If Canada increases its packing capacity that pork will have to go somewhere, and the Canadians can’t possibly increase their pork consumption enough to absorb the extra supply. That means it will be exported. The United States now takes about 40 percent of Canada’s pork exports. The other 60 percent will compete with U.S. pork in the global market.

“The stronger Canadian dollar is going to be a challenge for Canadian pork exports,” says Meyer. “I’d guess we’ll eventually see some cutbacks in Canadian pork production.”
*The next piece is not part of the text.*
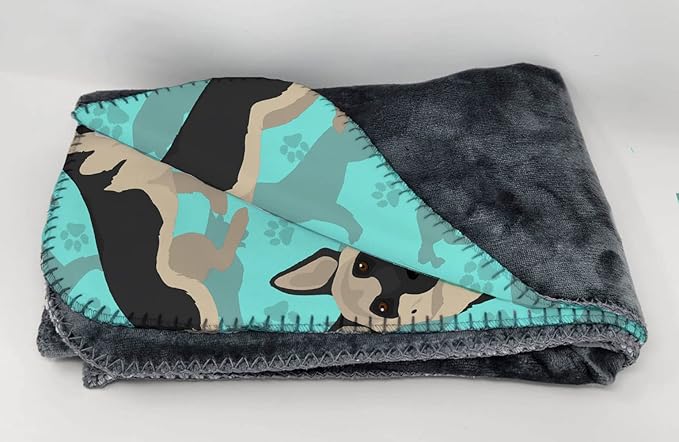 Caroline's Treasures MLM1051TBLT Black and Silver German Shepherd Soft Travel Blanket with Bag Airplane Blanket Indoor Outdoor Camping Blanket for Traveling Picnics Beach Trips Concerts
Today, if the U.S. dollar was as strong against the Canadian dollar as two years ago, cash hog prices in Canada would be 25 percent higher, says Rice. This has affected both Canadian producers and processors, and has led to some tempering of Canadian production growth.
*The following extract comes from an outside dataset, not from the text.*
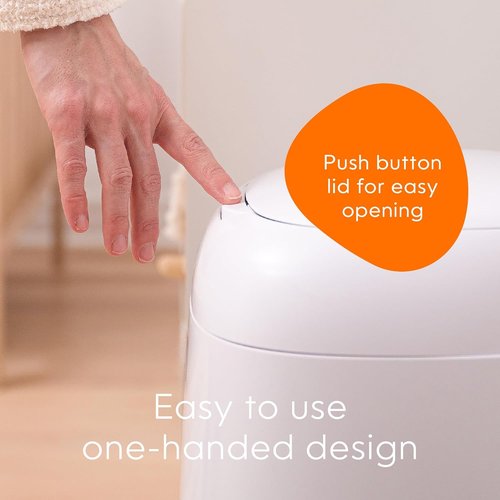 Diaper Genie Classic Diaper Pail Gift Set - Push-N-Lock Odor Control | Includes Starter & Jumbo+ Refill | Holds 1,245 Newborn Diapers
Currently, the United States and Canada make up about 1.9 million tons of the 4.4  million tons in the world pork export market.

“The U.S. industry has become the largest pork exporter in the world, excluding inter-EU trading,” says Clare Schlegel, CPC president. “The U.S. pork export record would not have been attainable without Canadian swine.”

At the root of the trade case is differing farm policies between the two nations.

“Canadians point out the enormous grain subsidies the United States pays, and the United States complains about Canadian pork subsidies,” says Plain. “When you look at competitiveness, it doesn’t take a large subsidy advantage, just a small one will have large effects.”

Canada subsidizes whole farm programs, but doesn’t target any specific commodity, whether its hogs, dairy or crops. Rice says Canada tried to make its farm policies more in line with international rules. He points out that its pork industry is 10 percent of Canada’s agriculture complex and can’t force the other 90 percent to change.

Meyer counters by saying that Canadians need to drop subsidies, so that their pork producers respond to market signals regarding supply and demand. He adds that the United States couldn’t adopt Canadian farm policies or North America would end up with an oversupply of millions of hogs.

Still, there may be some opportunities to work together, such as combining the United States and Canadian Hogs and Pigs Reports. Meyer says the Canadian report asks some questions in a more specific manner than does USDA, so adopting some of the Canadian questions may be good for everyone.

“If we can remove the notion that imports are bad, so that North America can compete with Brazil and the European Union in the world pork market that would be positive,” says Rice. “We need to listen as well as talk to make that happen.” 

“This trade case has taken a good deal of our time and energy,” says Slegel. “Now we can go back to making the North American pork industry larger and more successful.”